Closed zutron closed 5 years ago

zutron commented 5 years ago

Just a quick note for a possible error in your documentation/examples.

Of the four examples you list (Simple, Concise, Comprehensive, Field Report), only the Concise example makes use of the _hiddenlayers search parameter. However, while it is defined in the parameter dictionary ('hidden_layers':[0, 1, 2]) , the hidden_layers(model, params, 1) call is never made during model creation.

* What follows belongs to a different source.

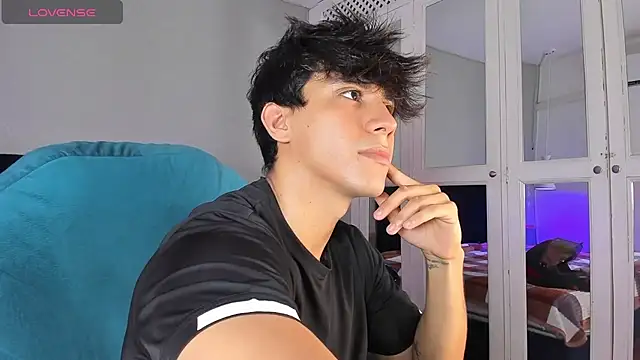 Snapshot of Allex_Cano chatting on February 14, 2026, 8:20 pm Allex Cano online show from February 14, 2026, 8:20 pm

I expect that the Concise example is defaulting to a single hidden layer in this example, and the code should be updated to:

from talos.model import hidden_layers    # Needed for fix below

def breast_cancer_model(x_train, y_train, x_val, y_val, params):

    model = Sequential()
    model.add(Dense(params['first_neuron'], input_dim=x_train.shape[1],
                activation=params['activation'],
                kernel_initializer=params['kernel_initializer']))

    model.add(Dropout(params['dropout']))

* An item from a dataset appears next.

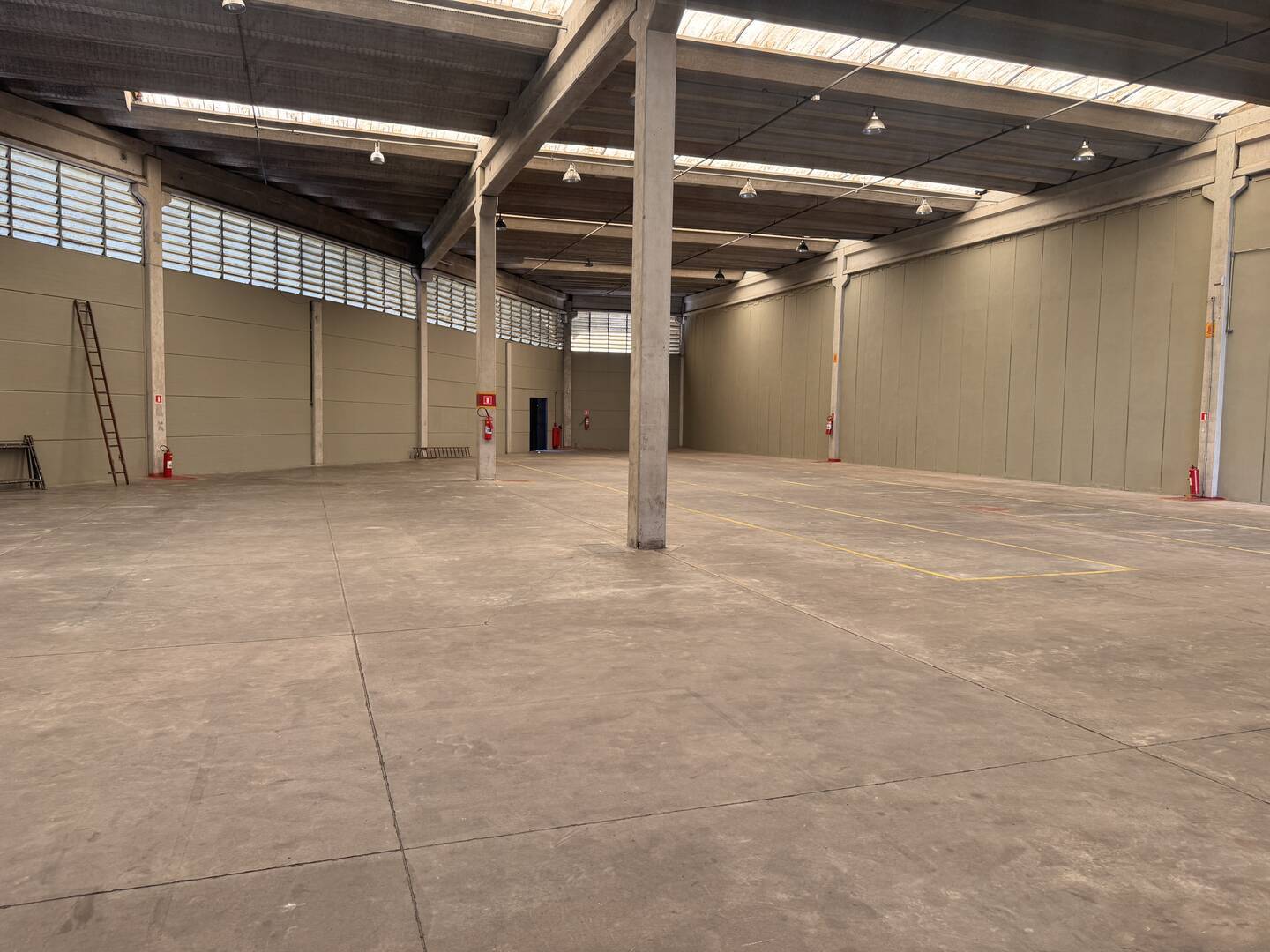 Depósito-Galpão, 1640 m² - Foto 23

    hidden_layers(model, params, 1) # Fix to add call to hidden_layers()

    model.add(Dense(1, activation=params['last_activation'],
                kernel_initializer=params['kernel_initializer']))

    model.compile(loss=params['losses'],
              optimizer=params['optimizer'](),
              metrics=['acc', fmeasure_acc])

    history = model.fit(x_train, y_train, 
                    validation_data=[x_val, y_val],
                    batch_size=params['batch_size'],
                    callbacks=[live()],
                    epochs=params['epochs'],
                    verbose=0)

    return history, model

Please correct me if I am wrong :)

mikkokotila commented 5 years ago

You are right :) Thanks.

mikkokotila commented 5 years ago

This is now handled in the new docs for v.0.6.2. Already visible in /docs in daily-dev. Closing here.